Saturday, August 1, 2009

Quid est?

Location: Long Warf, Rowes Warf, and Fan Pier (Barking Crab)
Time: 1:15- 3:30
Date: August 1, 2009
Conditions: 80º F, clear skies, somewhat windy
Observations: Today during the first day of class we began by studying the Boston Harbor on a macro scale and proceeded to zoom in this afternoon to look at more microorganisms. We started out observing the tidal zone and a floating dock at Long Warf where we noticed the species in the tidal zone differ from those on the floating dock because those on the float dock are always under water. The type of seaweed we observed outside the water is called Phaeophyta seaweed and is a greenish brown color with bubbles filled with liquid on the ends.
Next we moved over to Rowes Warf where we spotted some muscles (dead and alive), sea lettuce, and orange tubular looking organism. I think the orange organism may be loosanoff’s haliclona but I am still a little uncertain.
Finally, we headed to the Barking Crab dock and broke off into groups to make observations. I worked with Joe and Wade, and we did our best to identify different the different species we found using both field guides. We started looking at a shady part of the dock and think that we saw bowerbank's halichondria (but it could be crumb of bread sponge), blue and green tunicate, diplosoma tunicate, star tunicate, mussels, and orange sheath tunicate. Then when we moved to the sunny part of the dock, in addition to more muscles we (think we) saw sea lettuce, red beard sponge, a giant feather duster, pacific white crust, barnacles (don't know what kind), star fish (don't know what kind), red alga, and “mystery” tunicate. The type and amount of organisms seemed to vary from the sunny side to the shady side, which leads me to believe the organisms changing on the dock from last year to this year could be due to two major factor: current and sunlight.

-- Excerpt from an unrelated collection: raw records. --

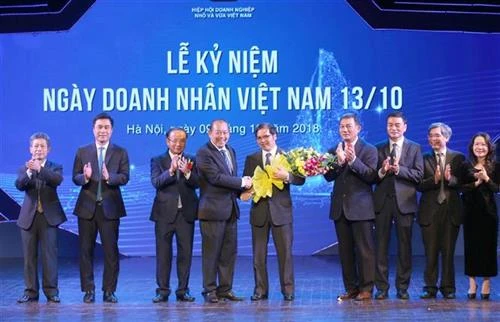 中小型企业承诺与企业并肩同行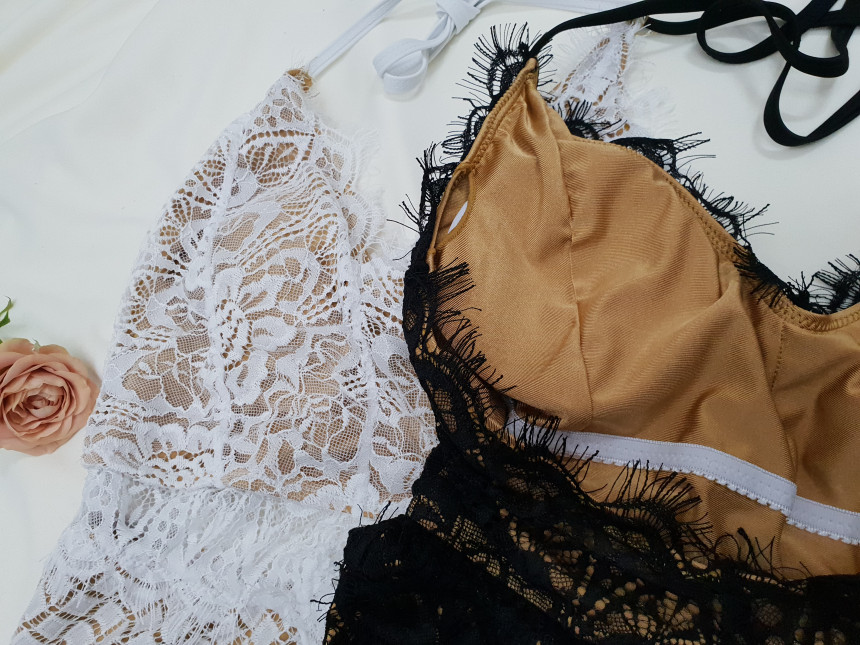 <b><p>race Frill one pie Mokini 2color Woman n-sexy</p></b><b><p>レース フリル ワンピ モノキニ 2色 女性非セクシーファッション 薄い見える水着</p></b><br /><br /><p align='center'>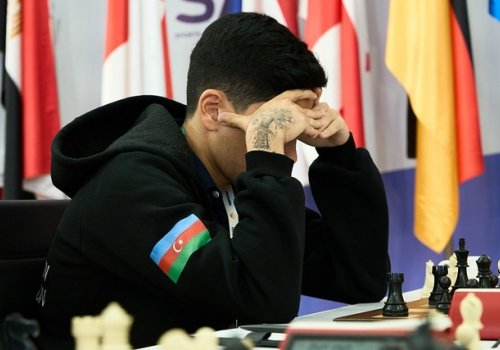 Azərbaycanın iki şahmatçısı mərhələ adladı, ikisi dayandı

Due to the increase amount of rain this summer I believe the increased current has affected whether certain organisms can cling to the dock. Additionally, since there has been less sunlight due to the rainy weather, I believe fewer species have been growing on the docks. We could test both these theories by observing species at different docks which isolate one of the variables (i.e. a dock that is secluded and not affected by the current and has not received much sunlight, and a dock that has a strong current of water underneath and had a lot of sunlight… but this could be hard to find since all of the North East has had overcast skies.)